IEEE/ACM Trans Comput Biol Bioinform. 2017 Sep-Oct;14(5):1115-1121. doi: 10.1109/TCBB.2016.2621769. Epub 2016 Oct 26.
One major goal of large-scale cancer omics study is to understand molecular mechanisms of cancer and find new biomedical targets. To deal with the high-dimensional multidimensional cancer omics data (DNA methylation, mRNA expression, etc.), which can be used to discover new insight on identifying cancer subtypes, clustering methods are usually used to find an effective low-dimensional subspace of the original data and then cluster cancer samples in the reduced subspace. However, due to data-type diversity and big data volume, few methods can integrate these data and map them into an effective low-dimensional subspace. In this paper, we develop a dimension-reduction and data-integration method for indentifying cancer subtypes, named Scluster. First, Scluster, respectively, projects the different original data into the principal subspaces by an adaptive sparse reduced-rank regression method. Then, a fused patient-by-patient network is obtained for these subgroups through a scaled exponential similarity kernel method. Finally, candidate cancer subtypes are identified using spectral clustering method. We demonstrate the efficiency of our Scluster method using three cancers by jointly analyzing mRNA expression, miRNA expression, and DNA methylation data. The evaluation results and analyses show that Scluster is effective for predicting survival and identifies novel cancer subtypes of large-scale multi-omics data.
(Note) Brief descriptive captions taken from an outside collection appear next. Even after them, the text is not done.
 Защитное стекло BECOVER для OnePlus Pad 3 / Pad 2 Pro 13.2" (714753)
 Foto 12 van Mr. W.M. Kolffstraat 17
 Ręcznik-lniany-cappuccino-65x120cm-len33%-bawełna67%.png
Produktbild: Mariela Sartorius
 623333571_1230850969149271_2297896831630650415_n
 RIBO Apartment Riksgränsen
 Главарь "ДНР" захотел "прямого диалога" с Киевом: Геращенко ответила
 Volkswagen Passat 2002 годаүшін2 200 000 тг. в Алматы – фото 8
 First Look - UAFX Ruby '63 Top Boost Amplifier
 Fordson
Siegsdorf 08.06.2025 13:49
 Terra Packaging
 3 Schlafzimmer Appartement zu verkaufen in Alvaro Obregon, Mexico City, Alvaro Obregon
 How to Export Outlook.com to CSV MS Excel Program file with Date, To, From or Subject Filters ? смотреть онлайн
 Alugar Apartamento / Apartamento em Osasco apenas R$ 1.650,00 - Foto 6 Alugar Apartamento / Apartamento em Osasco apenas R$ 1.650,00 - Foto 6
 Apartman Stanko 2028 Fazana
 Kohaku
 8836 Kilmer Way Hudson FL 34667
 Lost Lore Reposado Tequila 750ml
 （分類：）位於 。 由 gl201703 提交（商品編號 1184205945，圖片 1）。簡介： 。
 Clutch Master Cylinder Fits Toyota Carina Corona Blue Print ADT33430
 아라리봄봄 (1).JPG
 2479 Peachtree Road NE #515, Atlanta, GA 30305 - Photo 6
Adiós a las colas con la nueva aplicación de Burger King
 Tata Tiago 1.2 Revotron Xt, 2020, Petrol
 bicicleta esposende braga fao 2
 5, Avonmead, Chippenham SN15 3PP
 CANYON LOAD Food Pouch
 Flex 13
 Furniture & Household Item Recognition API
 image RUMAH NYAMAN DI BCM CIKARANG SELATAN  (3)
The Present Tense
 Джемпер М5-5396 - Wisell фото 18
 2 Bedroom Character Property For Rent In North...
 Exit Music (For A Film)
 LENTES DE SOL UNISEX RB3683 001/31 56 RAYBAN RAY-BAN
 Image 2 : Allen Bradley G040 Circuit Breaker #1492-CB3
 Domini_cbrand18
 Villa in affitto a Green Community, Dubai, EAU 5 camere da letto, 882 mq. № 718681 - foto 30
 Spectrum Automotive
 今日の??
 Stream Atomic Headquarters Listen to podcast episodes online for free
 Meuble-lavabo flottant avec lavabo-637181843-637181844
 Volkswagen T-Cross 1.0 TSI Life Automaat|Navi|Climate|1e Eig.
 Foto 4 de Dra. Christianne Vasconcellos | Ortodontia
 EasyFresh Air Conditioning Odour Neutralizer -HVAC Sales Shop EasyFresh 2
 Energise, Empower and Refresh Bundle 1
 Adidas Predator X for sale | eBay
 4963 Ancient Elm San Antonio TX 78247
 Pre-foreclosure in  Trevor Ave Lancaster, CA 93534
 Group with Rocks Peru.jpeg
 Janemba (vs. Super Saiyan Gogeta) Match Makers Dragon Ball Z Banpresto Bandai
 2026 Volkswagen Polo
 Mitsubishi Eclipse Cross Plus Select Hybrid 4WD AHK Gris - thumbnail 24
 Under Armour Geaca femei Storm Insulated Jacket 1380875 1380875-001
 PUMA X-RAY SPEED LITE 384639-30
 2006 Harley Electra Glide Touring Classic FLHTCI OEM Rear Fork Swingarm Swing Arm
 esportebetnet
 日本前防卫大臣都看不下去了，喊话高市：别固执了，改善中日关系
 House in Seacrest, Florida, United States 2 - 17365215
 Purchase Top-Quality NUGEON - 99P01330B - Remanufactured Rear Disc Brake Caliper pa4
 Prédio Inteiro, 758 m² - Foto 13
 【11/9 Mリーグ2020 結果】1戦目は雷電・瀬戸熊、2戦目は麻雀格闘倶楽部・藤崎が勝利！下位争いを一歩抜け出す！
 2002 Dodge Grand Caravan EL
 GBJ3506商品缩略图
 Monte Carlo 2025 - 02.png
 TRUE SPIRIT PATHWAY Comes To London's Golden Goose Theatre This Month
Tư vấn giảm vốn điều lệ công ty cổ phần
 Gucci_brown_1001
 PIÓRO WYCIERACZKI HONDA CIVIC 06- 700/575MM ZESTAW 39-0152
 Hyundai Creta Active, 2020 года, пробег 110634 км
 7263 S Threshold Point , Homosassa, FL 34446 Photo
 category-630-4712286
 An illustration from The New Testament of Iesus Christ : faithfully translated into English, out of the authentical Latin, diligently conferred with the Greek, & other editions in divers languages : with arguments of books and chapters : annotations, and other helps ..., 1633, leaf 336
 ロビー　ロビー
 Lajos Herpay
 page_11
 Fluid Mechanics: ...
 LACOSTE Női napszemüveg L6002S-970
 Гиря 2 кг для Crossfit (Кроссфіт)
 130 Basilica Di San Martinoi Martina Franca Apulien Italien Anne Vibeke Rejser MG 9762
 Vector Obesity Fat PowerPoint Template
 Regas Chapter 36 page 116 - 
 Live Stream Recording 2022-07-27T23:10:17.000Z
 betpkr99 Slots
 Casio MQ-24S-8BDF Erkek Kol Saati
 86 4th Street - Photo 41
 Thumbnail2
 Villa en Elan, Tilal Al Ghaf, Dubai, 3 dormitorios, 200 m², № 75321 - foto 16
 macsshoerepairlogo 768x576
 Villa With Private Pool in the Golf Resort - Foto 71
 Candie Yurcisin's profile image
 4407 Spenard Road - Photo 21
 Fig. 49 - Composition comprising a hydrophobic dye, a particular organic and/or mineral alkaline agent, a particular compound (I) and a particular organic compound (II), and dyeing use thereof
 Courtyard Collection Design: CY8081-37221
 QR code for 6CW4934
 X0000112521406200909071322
大规模癌症组学研究的一个主要目标是了解癌症的分子机制并寻找新的生物医学靶点。为了处理高维多维癌症组学数据(DNA 甲基化、mRNA 表达等),这些数据可用于发现识别癌症亚型的新见解,聚类方法通常用于在原始数据的有效低维子空间中找到,并在降低的子空间中聚类癌症样本。然而,由于数据类型的多样性和大数据量,很少有方法可以整合这些数据并将其映射到有效低维子空间中。在本文中,我们开发了一种用于识别癌症亚型的降维和数据集成方法,称为 Scluster。首先,Scluster 通过自适应稀疏降秩回归方法分别将不同的原始数据投影到主子空间中。然后,通过缩放指数相似性核方法获得这些子组的融合患者对患者网络。最后,使用谱聚类方法识别候选癌症亚型。我们通过联合分析 mRNA 表达、miRNA 表达和 DNA 甲基化数据,使用三种癌症来证明我们的 Scluster 方法的效率。评估结果和分析表明,Scluster 可有效预测生存率并识别大规模多组学数据中的新型癌症亚型。